The questionnaire itself can consist of closed questions, open questions or a combination of the two. Closed questions typically pose a question and provide a predetermined limited set of responses which are accompanied by a numerical scale. Closed questions are heavily influenced by the commonly used System Usability Scale (SUS) used in usability testing. As an example, a question could be posed as ‘I was able to complete the form without any difficulties’, with the following predetermined responses: (1) Strongly Disagree, (2) Disagree, (3) Neither agree nor disagree, (4) Agree and (5) Strongly Agree. In this case, a score of five would indicate the form is accessible, while a score of one would indicate it is not. While such a question would gain an insight into the overall accessibility of a form, it would not provide detail around any accessibility barriers or features that prevented—or supported—form completion. If this detail was required, it would be necessary to complement it with an open question.

Open questions are phrased to allow the respondent to answer in free text and provide more detail. The data can subsequently be coded to establish any patterns and trends. Again, using a form to provide context, an open question could be phrased as ‘Please describe your experience when using the form on the website?’. Such a wording avoids making assumptions about the user being able to complete the form and allows the user to express their opinions. For example, a screen reader user could respond that required form fields were not announced to them and this response provides specific insight into possible accessibility problems.

Questionnaires can be delivered electronically to a large sample of users or can be completed manually on paper in conjunction with observational or think aloud research sessions. The former is useful when starting research into the accessibility of a product as it can provide useful demographic information and influence the design of observational and think aloud research sessions. For example, responses to open-ended questions could provide insight into specific areas or components of the product that require further investigation and testing. If large-scale questionnaires are used, then an incentive for participation should be offered. If used in conjunction with other research methods, they can provide a written record of responses directly from the user and provide information that can be used for benchmarking the accessibility of a product if further research is conducted.

2.1.4 Observation

Ethnography and observations are often used as part of a contextual inquiry and are used to gain a better understanding of users in their natural environments. Observational research methods involve observing users in the place where they would normally use the product (e.g. work, home, etc.) to gather data about who that target users are, what tasks and goals they have related to an existing product (or proposed enhancements) and the context in which they work to accomplish their goals. The outputs from this qualitative research can lead to the development of user profiles, personas (archetype users), scenarios and task descriptions on which the design team can base design decisions on empirical evidence throughout the development life cycle (Rubin and Chisnell 2008).

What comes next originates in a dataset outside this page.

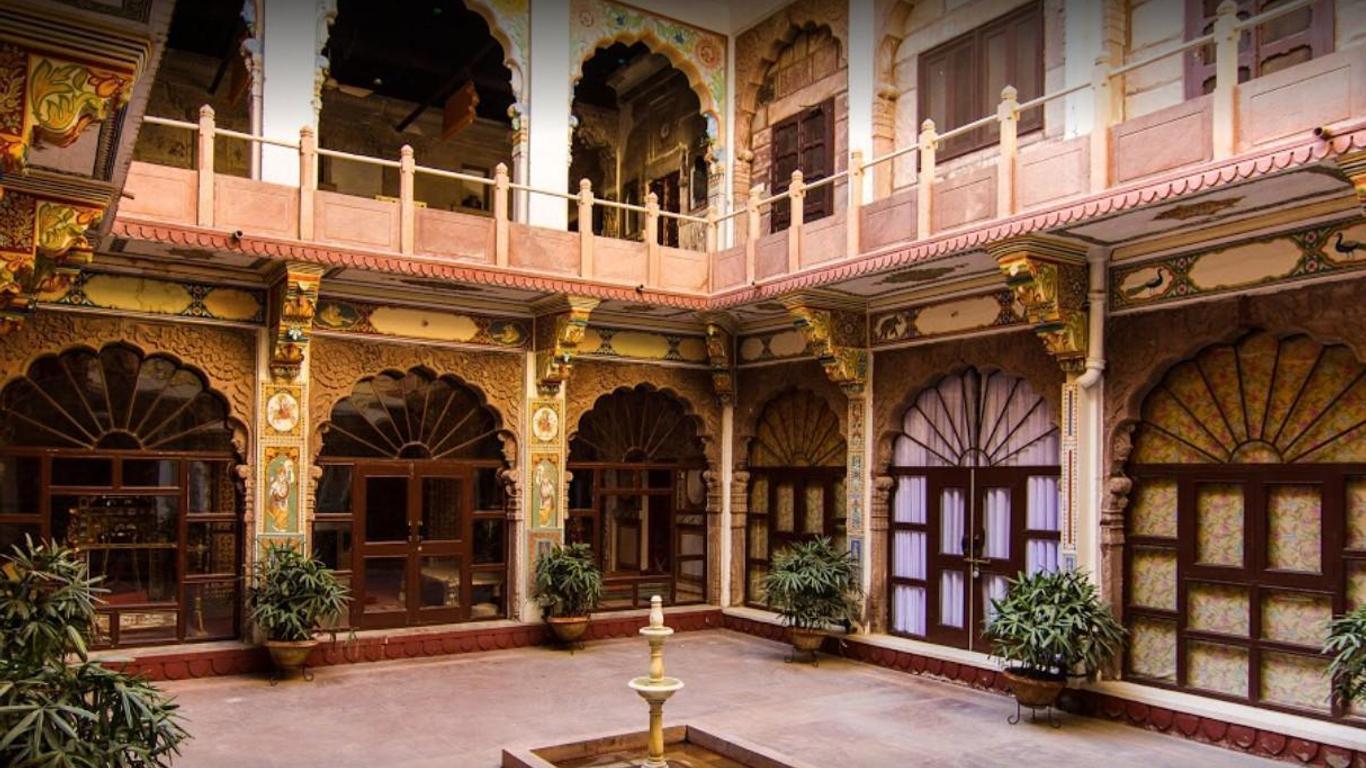 Pal Haveli Hotel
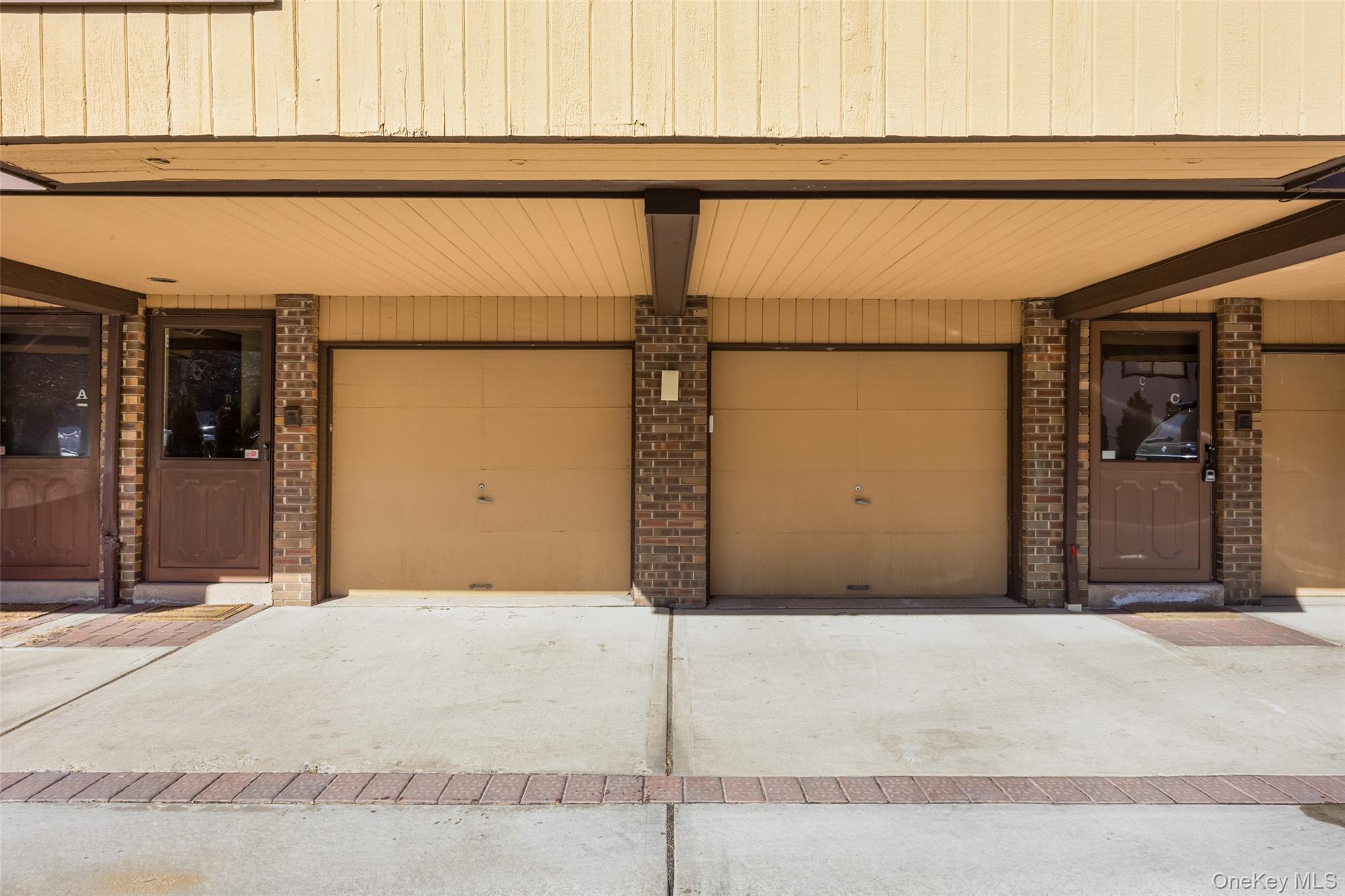 #2 photo, 27 Bond Street, Great Neck , NY 11021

Observation of users while operating an interface provides real-time interaction information and can be performed by curing both the pre-design and post-design stages of a project. Observations conducted during the pre-design phase can be used to identify required enhancements to a newer version of a product or to establish user requirements for a new product. When conducted during the post-design stage, evaluations are used to identify task, performance and environmental factors which could negatively impact their experience. For example, evaluations can be conducted to ensure a product meets users’ expectation and to identify required enhancements by gaining data on accessibility and usability barriers.

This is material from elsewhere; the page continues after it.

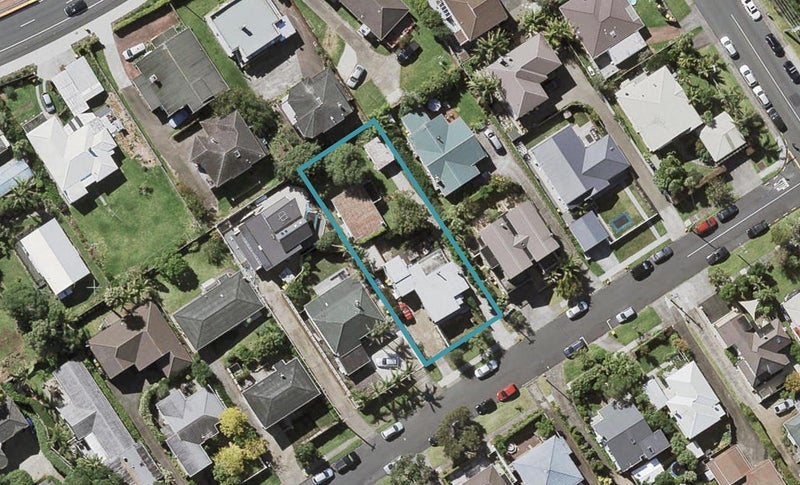 2/29 Napier Avenue, Takapuna, Auckland - Carousel 1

Observations conducted in a live context can be unstructured and discrete, meaning the researcher will take detailed notes but rarely interfere with the research setting ensuring the authenticity of the work. Alternatively, the researchers can intervene when they observe a breakdown in a user’s interaction to determine the cause of the problem, evaluate the impact and provide an insight into a possible solution. Care must be taken to ensure that an inexperienced researcher does not influence the user’s interaction and behaviour. Similarly, collecting a video and audio recording of the session can be useful when analysing the session, with the proviso that users who are aware they are being recorded may not behave exactly as they would in a regular context as they may feel uncomfortable. Due to the nature of observational studies being conducted in a live context, the research design should be well planned, the objectives should be clear and the researcher should be suitably trained and experienced. For further details on observational research design, the issues that need to be considered, see (Leedy and Ormerod 2016).

2.1.5 Interviews

Interviews are a useful method to investigate users’ needs, preferences and desires in a detailed way. They can be used to deepen understanding of users and discover how individuals feel about a product, including why and how they use it. Interviews allow the researcher to gain an understanding about why users hold certain opinions, beliefs and attitudes towards a product. To ensure the interviewer does not influence the results, it is important to conduct non-directed interviewing to make sure the interview process does not lead or bias the answers. It ensures that the participants’ true thoughts, feelings and experiences are gained without being filtered through the preconceptions of the interviewer (Kuniavsky 2003).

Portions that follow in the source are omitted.